It is a good thing that Australia is helping out our neighbours. We do that in many ways. There is bipartisan agreement that we should provide through this bill a facility of up to $1 billion to Indonesia. What we all need to be sure of is that any money that we lend, be it through the ADB, the World Bank or the IMF, is well spent and is not influenced in any jurisdiction by corrupt practices or that the quality standards of projects are less than what we would reasonably expect. Therefore, we support this bill in good faith. We remind all Australians that only for so long can Australia go down the path of borrowing money to lend money to other countries.
1:34 pm
Tony Zappia (Makin, Australian Labor Party) Share this | Link to this | Hansard source
I welcome the opportunity to speak in support of the International Monetary Agreements Amendment (Financial Assistance) Bill 2009. I will confine most of my remarks to the bill, but before I do, having listened to the member for North Sydney, I want to say that here we have another clear example of the coalition again simply talking down the Australian economy. They simply cannot accept that as a result of the prudent management of the Australian economy by the Rudd government that Australia is in a much better position to withstand the global economic recession than just about any of the other 30 OECD countries. We are not out of the woods as yet. Contrary to what the member for North Sydney said, this side of the House have never said that it is mission accomplished. We are not out of the woods yet, but we did see in the last quarter 0.4 per cent growth in GDP in this country, growth that is a result of a strategy that is protecting Australian jobs while investing in nation-building infrastructure for the future.

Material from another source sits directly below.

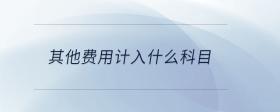 其他費用計入什么科目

I wish to speak about at length the substance of this bill. The purpose of this bill is to simplify the process for Australia to accept agreed amendments to the articles of the International Monetary Fund and the International Bank for Reconstruction and Development, commonly known as the World Bank. This bill amends the International Monetary Agreements Act 1947 to establish a framework for Australia to provide financial assistance to a country in support of World Bank or Asian Development Bank programs.
The International Monetary Agreements Act already provides such a framework for assistance provided to a country in support of International Monetary Fund programs. The International Monetary Agreements Act 1947 established Australia’s membership of the IMF and the World Bank. Under the current legislation, any amendment to the fund and bank agreements requires an international monetary agreement act in the Australian parliament. This bill will alter the definitions of the articles of agreement of the IMF and the World Bank to include any amendments of the relevant articles of agreement that enter into force for Australia without the need for further legislative changes.
The IMF and the World Bank were conceived at the United Nations Monetary and Financial Conference, also known as the Bretton Woods conference, held in Bretton Woods, New Hampshire, in the USA, in July 1944. Both organisations were founded with the intention of managing the global economy to prevent a repeat of the global financial economic meltdown and subsequent Great Depression of the 1920s and 1930s. The intention of the World Bank was the reconstruction of postwar Europe. The intention of the IMF was to manage a system of fixed exchange rates to facilitate world trade and economic growth. Following the remarkable reconstruction and economic recovery of Europe in the years following World War II, the World Bank’s focus shifted towards funding development and poverty reduction in Africa, in Asia and later in eastern Europe. From the 1970s onwards most countries moved from fixed exchange rates to setting their own exchange rates, reducing the need for the IMF to manage the exchange rates system. The IMF’s role then shifted to assisting countries experiencing a balance of payments crisis, such as was seen during the Latin American debt crisis of the 1980s and the Asian financial crisis of the late 1990s.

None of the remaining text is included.